Leaders of big business, though often harbouring private concerns about current difficulties and looming future problems for the economy, were, for their part, grateful to Hitler for the destruction of the left-wing parties and trade unions. They were again ‘masters in their house’ in their dealings with their work-force. And the road to massively increased profits and dividends was wide open. Even where Party interference was criticized, problems of export trade or shortage of raw materials were raised, or worries about the direction of the economy voiced, no industrialist advocated, even in private, a return to the ‘bad’ old democratic days of the Weimar Republic.

Some individuals from within the national-conservative elite groups — mainly in the leadership of the army and the upper echelons of the state bureaucracy — would some two years later at first gradually and falteringly begin to feel their way towards fundamental opposition to the Nazi regime. But at this time, they still saw their own interests, and what they took to be the national interest, served by the apparently successful policies of national assertiveness and reconstruction embodied in the figure of Hitler.

Only the intensified ‘Church Struggle’, causing heightened friction between clergy and churchgoers on the one side and Party activists on the other, cast a substantial shadow, notably in Catholic rural districts where the influence of the clergy remained unbroken, over what amounted otherwise to an extensive prevailing consensus (in part, of course, manufactured through a mixture of repression and propaganda). But the stance of both major Christian denominations was riddled with ambivalence. Though still wielding considerable influence over the churchgoing population, the clergy felt they had to tread warily in public pronouncements, particularly where religious matters were not directly concerned. In some ways, they were led by public opinion more than they were willing or able to lead it. They had to take account of the fact that Hitler’s national ‘successes’, most of all his triumph in remilitarizing the Rhineland, were massively popular even among the same members of their flocks who harshly criticized the Nazi attacks on the Churches.
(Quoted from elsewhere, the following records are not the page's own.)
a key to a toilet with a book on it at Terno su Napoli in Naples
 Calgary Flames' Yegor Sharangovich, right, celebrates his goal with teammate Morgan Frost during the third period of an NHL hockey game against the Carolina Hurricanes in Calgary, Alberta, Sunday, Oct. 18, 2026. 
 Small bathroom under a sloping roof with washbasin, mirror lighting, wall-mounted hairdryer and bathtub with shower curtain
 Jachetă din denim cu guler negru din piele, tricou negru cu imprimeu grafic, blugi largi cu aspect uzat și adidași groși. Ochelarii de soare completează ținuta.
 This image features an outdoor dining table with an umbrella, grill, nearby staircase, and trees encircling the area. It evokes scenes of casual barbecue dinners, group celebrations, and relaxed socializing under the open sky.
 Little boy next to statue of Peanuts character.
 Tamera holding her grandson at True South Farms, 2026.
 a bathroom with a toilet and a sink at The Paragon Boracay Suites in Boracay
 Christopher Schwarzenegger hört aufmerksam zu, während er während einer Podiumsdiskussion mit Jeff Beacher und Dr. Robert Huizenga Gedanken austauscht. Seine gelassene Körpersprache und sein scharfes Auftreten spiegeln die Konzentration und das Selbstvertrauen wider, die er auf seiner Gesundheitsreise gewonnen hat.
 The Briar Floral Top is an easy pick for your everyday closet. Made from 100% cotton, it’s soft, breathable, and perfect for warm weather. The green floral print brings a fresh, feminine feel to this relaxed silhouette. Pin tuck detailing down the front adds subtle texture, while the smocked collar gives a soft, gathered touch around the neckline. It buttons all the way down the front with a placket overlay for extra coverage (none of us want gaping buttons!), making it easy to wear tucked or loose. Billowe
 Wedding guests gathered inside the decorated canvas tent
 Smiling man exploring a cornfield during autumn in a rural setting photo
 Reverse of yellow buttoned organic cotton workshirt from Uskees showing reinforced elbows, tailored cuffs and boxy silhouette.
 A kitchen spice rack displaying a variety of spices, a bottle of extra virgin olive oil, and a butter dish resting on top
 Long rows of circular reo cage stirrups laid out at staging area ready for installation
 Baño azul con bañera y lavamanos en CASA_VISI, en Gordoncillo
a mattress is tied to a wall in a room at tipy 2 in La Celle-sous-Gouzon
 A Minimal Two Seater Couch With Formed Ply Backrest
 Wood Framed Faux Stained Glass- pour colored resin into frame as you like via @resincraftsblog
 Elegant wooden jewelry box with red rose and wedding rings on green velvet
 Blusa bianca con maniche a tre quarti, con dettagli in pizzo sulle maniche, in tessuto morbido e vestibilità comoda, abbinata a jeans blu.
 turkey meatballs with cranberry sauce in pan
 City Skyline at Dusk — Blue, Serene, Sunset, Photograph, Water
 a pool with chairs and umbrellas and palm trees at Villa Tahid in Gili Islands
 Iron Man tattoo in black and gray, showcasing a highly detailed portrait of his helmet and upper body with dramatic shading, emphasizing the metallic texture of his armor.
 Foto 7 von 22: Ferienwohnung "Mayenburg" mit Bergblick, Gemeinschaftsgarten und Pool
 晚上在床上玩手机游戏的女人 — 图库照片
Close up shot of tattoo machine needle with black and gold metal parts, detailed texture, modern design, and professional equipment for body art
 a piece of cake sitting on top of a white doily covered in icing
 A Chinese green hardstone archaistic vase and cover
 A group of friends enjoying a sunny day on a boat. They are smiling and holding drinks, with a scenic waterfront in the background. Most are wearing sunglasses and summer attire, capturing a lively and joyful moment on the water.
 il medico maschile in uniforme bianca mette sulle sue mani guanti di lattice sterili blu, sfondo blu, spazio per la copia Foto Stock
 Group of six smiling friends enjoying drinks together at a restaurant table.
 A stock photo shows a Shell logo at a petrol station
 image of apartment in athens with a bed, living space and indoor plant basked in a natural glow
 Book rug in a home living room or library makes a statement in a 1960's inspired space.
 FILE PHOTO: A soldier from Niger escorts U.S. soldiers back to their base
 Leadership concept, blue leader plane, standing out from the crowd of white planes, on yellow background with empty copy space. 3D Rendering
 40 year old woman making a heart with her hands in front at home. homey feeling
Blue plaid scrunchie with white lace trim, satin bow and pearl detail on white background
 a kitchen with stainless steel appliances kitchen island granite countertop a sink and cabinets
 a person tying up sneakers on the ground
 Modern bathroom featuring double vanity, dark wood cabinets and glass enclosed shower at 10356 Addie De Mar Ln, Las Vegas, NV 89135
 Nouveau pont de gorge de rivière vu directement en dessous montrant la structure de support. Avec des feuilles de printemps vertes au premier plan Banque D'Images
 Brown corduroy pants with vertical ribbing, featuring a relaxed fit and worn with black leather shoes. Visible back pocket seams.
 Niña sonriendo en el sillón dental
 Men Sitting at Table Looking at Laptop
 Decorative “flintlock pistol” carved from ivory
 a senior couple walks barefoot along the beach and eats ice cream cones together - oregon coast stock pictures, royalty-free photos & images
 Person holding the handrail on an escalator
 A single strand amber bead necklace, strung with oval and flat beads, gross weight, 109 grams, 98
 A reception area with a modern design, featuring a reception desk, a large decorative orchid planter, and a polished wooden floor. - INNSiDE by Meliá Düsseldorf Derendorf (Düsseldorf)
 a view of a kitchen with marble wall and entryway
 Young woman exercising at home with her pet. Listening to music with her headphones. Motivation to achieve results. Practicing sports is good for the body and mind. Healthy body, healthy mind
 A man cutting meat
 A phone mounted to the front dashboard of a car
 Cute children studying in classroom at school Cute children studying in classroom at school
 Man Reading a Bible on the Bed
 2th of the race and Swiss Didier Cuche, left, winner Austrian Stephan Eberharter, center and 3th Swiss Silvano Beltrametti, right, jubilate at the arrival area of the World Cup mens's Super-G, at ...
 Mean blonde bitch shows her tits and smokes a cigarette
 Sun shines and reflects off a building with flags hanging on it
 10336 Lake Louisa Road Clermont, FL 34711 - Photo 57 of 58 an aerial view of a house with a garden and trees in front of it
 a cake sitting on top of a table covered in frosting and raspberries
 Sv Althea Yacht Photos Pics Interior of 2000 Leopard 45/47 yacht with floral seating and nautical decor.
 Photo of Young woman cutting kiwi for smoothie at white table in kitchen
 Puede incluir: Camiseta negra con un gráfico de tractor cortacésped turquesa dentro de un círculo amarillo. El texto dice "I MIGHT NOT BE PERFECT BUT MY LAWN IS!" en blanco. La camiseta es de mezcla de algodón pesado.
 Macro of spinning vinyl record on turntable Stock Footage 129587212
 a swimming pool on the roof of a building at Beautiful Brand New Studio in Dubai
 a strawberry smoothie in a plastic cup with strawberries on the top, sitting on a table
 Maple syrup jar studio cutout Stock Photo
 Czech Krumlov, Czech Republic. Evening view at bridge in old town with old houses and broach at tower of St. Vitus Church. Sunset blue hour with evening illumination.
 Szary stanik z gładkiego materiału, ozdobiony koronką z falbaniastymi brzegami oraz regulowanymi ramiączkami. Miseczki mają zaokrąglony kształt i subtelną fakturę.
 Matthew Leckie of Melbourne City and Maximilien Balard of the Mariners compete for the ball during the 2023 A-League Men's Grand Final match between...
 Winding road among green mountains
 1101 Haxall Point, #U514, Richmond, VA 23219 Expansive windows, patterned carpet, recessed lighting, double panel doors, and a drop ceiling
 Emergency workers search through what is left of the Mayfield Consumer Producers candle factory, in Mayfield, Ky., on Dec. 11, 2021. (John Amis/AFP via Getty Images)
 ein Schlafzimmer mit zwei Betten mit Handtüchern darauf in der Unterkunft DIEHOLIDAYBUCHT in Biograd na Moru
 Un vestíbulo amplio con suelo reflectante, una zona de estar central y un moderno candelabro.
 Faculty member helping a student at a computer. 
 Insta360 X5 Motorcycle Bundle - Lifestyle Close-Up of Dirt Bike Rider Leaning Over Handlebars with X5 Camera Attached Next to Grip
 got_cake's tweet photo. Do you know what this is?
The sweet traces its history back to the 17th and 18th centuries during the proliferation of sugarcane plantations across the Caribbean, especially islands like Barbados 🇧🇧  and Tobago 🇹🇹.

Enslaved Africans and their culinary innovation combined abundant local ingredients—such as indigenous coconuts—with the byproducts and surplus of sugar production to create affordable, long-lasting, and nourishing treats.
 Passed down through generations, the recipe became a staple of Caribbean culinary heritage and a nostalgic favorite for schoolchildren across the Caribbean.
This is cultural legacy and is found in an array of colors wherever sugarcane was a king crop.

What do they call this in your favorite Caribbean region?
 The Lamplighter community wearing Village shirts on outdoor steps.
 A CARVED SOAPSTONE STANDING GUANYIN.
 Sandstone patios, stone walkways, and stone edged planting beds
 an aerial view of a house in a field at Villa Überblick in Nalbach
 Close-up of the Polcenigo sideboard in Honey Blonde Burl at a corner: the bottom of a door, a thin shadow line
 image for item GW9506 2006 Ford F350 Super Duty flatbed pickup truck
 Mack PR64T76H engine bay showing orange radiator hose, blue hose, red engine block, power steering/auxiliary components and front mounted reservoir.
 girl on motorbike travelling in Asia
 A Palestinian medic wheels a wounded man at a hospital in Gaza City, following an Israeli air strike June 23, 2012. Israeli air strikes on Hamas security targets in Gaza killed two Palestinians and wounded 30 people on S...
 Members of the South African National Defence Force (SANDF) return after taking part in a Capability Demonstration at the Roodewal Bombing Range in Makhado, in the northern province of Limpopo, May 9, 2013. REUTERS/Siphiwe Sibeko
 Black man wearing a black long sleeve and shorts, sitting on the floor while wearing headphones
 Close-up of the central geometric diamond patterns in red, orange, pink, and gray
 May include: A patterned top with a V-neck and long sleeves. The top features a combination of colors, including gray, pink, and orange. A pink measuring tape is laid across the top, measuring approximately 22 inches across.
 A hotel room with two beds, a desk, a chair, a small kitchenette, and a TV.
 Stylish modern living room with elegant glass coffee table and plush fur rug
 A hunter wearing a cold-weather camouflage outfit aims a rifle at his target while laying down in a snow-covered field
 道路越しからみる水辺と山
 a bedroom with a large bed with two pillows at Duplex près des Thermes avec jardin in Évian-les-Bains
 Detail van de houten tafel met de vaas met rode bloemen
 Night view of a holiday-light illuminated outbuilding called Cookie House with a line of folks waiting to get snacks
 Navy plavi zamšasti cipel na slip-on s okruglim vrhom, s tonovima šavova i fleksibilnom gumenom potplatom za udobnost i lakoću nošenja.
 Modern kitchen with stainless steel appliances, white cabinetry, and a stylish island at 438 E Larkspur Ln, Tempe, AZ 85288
The unrest stirred up by the ‘Church Struggle’ was extensive. But it was largely compartmentalized. It seldom equated with fundamental rejection of the regime, or with any commitment to active and outright political opposition. Fierce defence of traditional observances, customs, and practices against Nazi chicanery was compatible with support for Hitler personally, with approval for his assault on the Left, with applause for his national ‘triumphs’, with readiness to accept his discriminatory measures against Jews, with most measures, in fact, which did not directly impinge on Church affairs. Catholic bishops had, in the very first weeks of Hitler’s chancellorship, exhorted their charges to obedience to the new regime.7 And even at the height of the ‘Church Struggle’, they publicly endorsed its stance against ‘atheistic’ Bolshevism and affirmed their loyalty to Hitler.8 The brutality of the concentration camps, the murder in 1934 of the SA leaders, and the mounting discrimination against the Jews had brought no official protests or opposition. Similarly in a Protestant Church divided within itself, unease, criticism, or dissent over Nazi high-handedness towards the Church and interference in its affairs, practices, structures, and doctrine coexisted — apart from the examples of a few exceptional individuals — with official avowals of loyalty and a great deal of genuine approval for what Hitler was doing.